Key Gaps in existing Single View (SVC) Architectures ..

It needs to be kept in mind that every organization is different from an IT legacy investment and operational standpoint. As such, a “one-size-fits-all” architecture is impossible to create. However, highlighted below are some common key data and application architecture gaps that I have observed from a data standpoint while driving to a SVC (Single View of Customer) with multiple leading enterprises.

  1. The lack of a single, unique & global customer identifier – The need to create a single universal customer identifier (based on various departmental or line of business identifiers) and to use it as a primary key in the customer master list
  2. Once the identifier is created in either the source system or in the datalake, organizations need to figure out a way to cascade that identifier into the Book of Record systems (CRM systems, webapps and ERP systems) so that the architecture can begin knitting together a single view of the customer. This may also involve periodically go out across the BOR systems, link all the customers data and pull the data into the lake;
  3. Many companies deal with multiple customer on-boarding systems. At some point, these  on-boarding processes need  to be centralized. For instance in Banking esp In Capital markets, customer on-boarding done in six or seven different areas; all of these ideally need to be consolidated into one.
  4. Graph Data Semantics – Once created, the Master Customer identifier should be mapped to all the other identifiers lines of business use to uniquely identify their customer; the ability to use simple or more complex matching techniques (Rule based matching, machine learning based matching & search based matching) is highly called for.
  5. MDM (Master Data Management) systems have traditionally automated some of this process by creating & owning that unique customer identifier. However Big Data capabilities help by linking that unique customer identifier to all the other ways the customer may be mapped across the organization. To this end,  data may be exported into an MDM system backed by a traditional RDBMS; or; the computation of the unique identifier can be done in a data lake and then exported into an MDM system.

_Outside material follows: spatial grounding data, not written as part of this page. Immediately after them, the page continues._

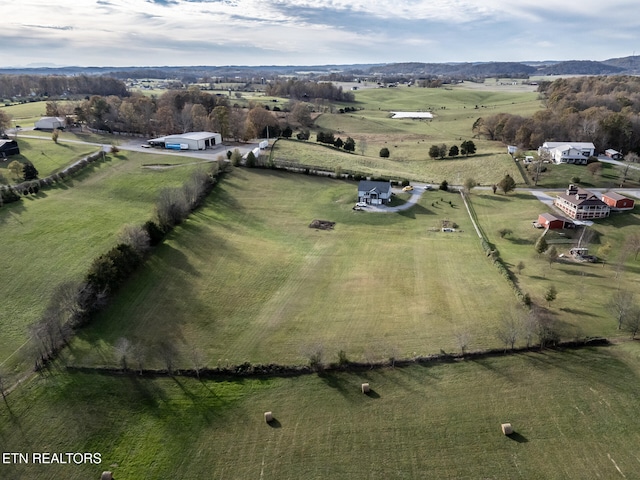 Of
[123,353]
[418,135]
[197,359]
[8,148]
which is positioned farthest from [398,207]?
[8,148]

Let us discuss the generic design of the architecture (depicted above) with a focus on the following subsystems –

A Reference Architecture for Single View of Customer/ Customer 360
  1. At the very top, different channels depict with different touch points In today’s connected world, the customer experience spans multiple different touch points throughout the customer lifecycle. A customer should be able to move through multiple different touch points during the buying process. Customers should be able to start, pause transactions (e.g. An Auto Loan application) from one channel and restart/complete them from another.
  2. A Big Data enabled application architecture is chosen. This needs to account for two different data processing paradigms. The first is a realtime component. The architecture must be capable of handling events within a few milliseconds. The second is an ability to handle massive scale data analysis in a retrospective manner. Both these components are provided by a Hadoop stack. The real time component leverages – Apache NiFi, Apache HBase, HDFS, Kafka, Storm and Spark. The batch component leverages  HBase, Apache Titan, Apache Hive, Spark and MapReduce.
  3. The range of Book of Record and external systems send data into the central datalake. Both realtime and batch components highlighted above send the data into the lake. The design of the lake itself will be covered in more detail in the below section.
  4. Starting from the upper-left side, we have the Book of Record Systems sending across transactions. These are ingested into the lake using any of the different ingestion frameworks provided in Hadoop. E.g. Flume, Kafka, Sqoop, HDFS API for batch transfers etc.  The ingestion layer depicted is based on Apache NiFi and is used to load data into the data lake.  Functionally, it is made up of real time data loaders and end of day data loaders. The real time loaders load the data as it is created in the feeder systems, the EOD data loaders will adjust the data end of the day based on the P&L sign off and the end of day close processes.  The main data feeds for the system will be from the book of record transaction systems (BORTS) but there may also be multiple data feeds from transaction data providers and customer information systems.
  5. The UI Framework is standardized across all kinds of clients. For instance this could be an HTML 5 GUI Framework that contains reusable widgets that can be used for mobile and browser based applications.  The framework also need to deal with common mobile issues such as bandwidth and be able to automatically throttle the data back where bandwidth is limited.It also needs to facilitate the construction of large user defined pivot tables for ad hoc reporting. It utilizes UI framework components for its GUI construction and communicates with the application server via the web services layer.
  6. API access is also provided by Web Services for partner applications to leverage: This is the application layer that that provides a set of RESTful web services that control the GUI behavior and that control access to the persistent data and the data that is cached on the data fabric.
  7. The transactions are taken through the pipeline of enrichment and the profiles of customers are stored in HBase. .
  8. The core data processing platform is then based on a datalake pattern which has been covered in this blog before. It includes the following pattern of processing.
    1. Data is ingested real time into a HBase database (which uses HDFS as the underlying storage layer). Tables are designed in HBase to store the profile of a trade and it’s lifecycle.
    2. Producers are authenticated at the point of ingest.
    3. Once the data has been ingested into HDFS, it is taken through a pipeline of processing (L0 to L3) as depicted in the below blogpost.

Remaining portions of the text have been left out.